Virginia was not under consideration as a potential state to relocate our growing business, but we received an invitation from then Governor, now Senator Mark Warner in 2005.  Our business was aggressively courted by officials on the state and local level. As a result, they presented to us a list of generous incentives on both the state and local level in exchange for bringing our company to Virginia, which mostly did not materialize. They went to great lengths to secure our business.  One of the officials would call the owner on a daily basis, suggesting that she would even babysit the owner’s children once they relocated to the area to make the move easier.

On paper, and through these conversations, it was felt that this area would be ideal for our company and a mutually agreeable business relationship between a business and the local area.

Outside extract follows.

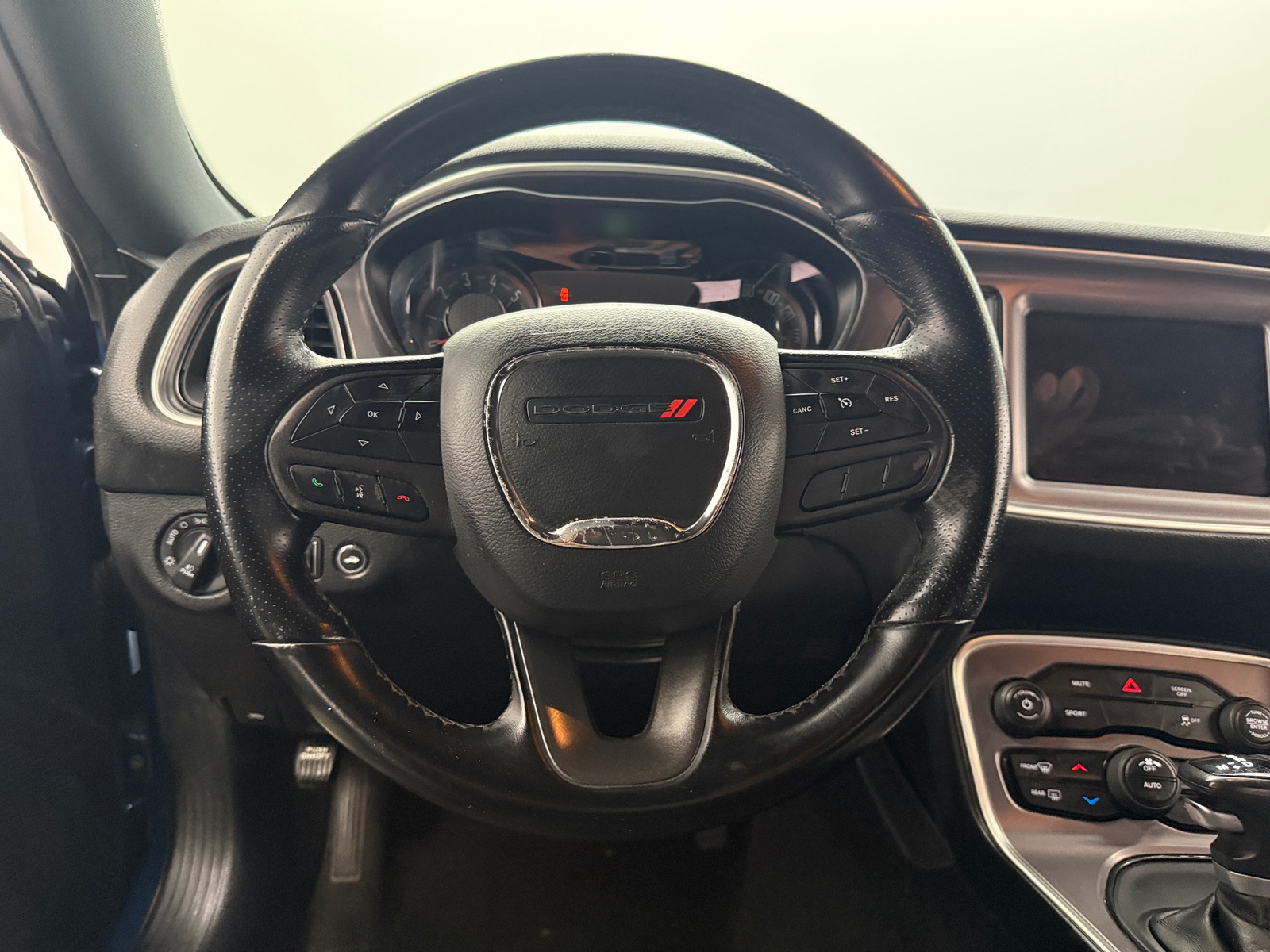 Thumbnail: 2021 Dodge Challenger - 4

When we toured the area, the local officials presented to us a very rosy picture of the local infrastructure and amenities offered to businesses.  We observed classes utilizing the local learning center for job training.  The industrial park developed by the Mecklenburg/Brunswick IDAs was touted to us as ready to build, with redundant fiber optic cables and other utilities already on site to reduce building costs. Once we were well into the process of building the building, we discovered that in order to have basic necessities like phone and electricity, we were going to have to pay a premium.   The electric company demanded we pay $30,000 to bring transformers to our facility, citing that many businesses come and go and that they had to “recoup their costs.”  In order for us to bring the use of phone lines to our site, the phone company demanded that we pay $20,000, indicating that we were the only tenant in the park and they would not provide service unless we paid the $20,000 fee.

Another big problem was attempting to find skilled or semi-skilled labor in the area.  Despite the learning center, and the rampant unemployment, it was almost impossible to find suitable employees for our facility.  The learning center turned out to only be a convenient place for people to check email and go on Facebook, as we personally observed.  The two instructors there made little effort or attempt to assist us in locating any potential employees to operate our machinery equipment despite our repeated requests.

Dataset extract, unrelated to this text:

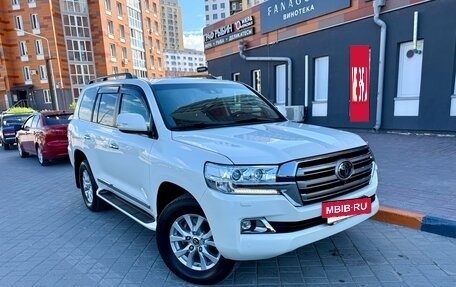 Toyota Land Cruiser 200, 2017 год, 7 570 000 рублей, 2 фотография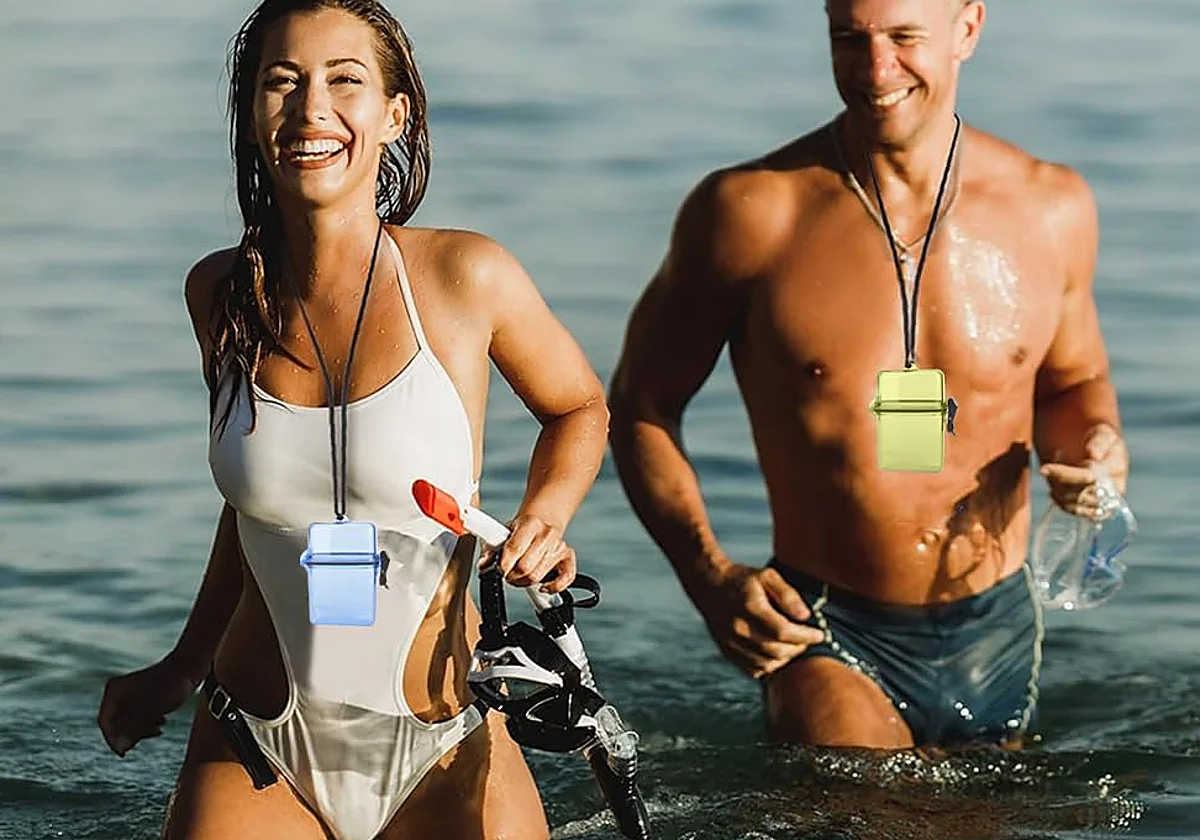 Practica deportes acuáticos sin miedo con estas cajas estancas que protegen tus objetos personales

Some of the local officials expressed hope at the beginning that our company would hire their unemployed relatives, many of whom had been laid off due to textile plant closures in the region. The local official who wanted to baby sit presented a relative of hers as a potential management candidate, but the individual wanted an astronomically high salary when he lacked the proper skills for the position.  Once we declined this candidate, and declined other unqualified candidates who came to our door identifying themselves as relatives and relations of other local officials, the animosity from the local officials began to grow.

Eventually, however, with great difficulty and many years of trial and error we staffed our plant, bringing in employees from various states in order to do so.

With regards to the incentives, the little that we received from state and local levels didn’t amount to enough to even pay for the costs of a small portion our parking lot. Most of the incentives had many strings attached that were not disclosed to our company’s officials during the offering phase. Although we made a huge investment in what they consider an “enterprise zone” (economically disadvantaged area), we were still required to pay some of the TROF/GOF grants which were highly touted by officials on all levels. When we did pay some portion of that grant money back, due to the fact that we were constantly being threatened and harassed to do so, a state official was in our lobby to receive the check personally. When we requested state and local officials help with getting our business established in the area, we got nothing but voicemails.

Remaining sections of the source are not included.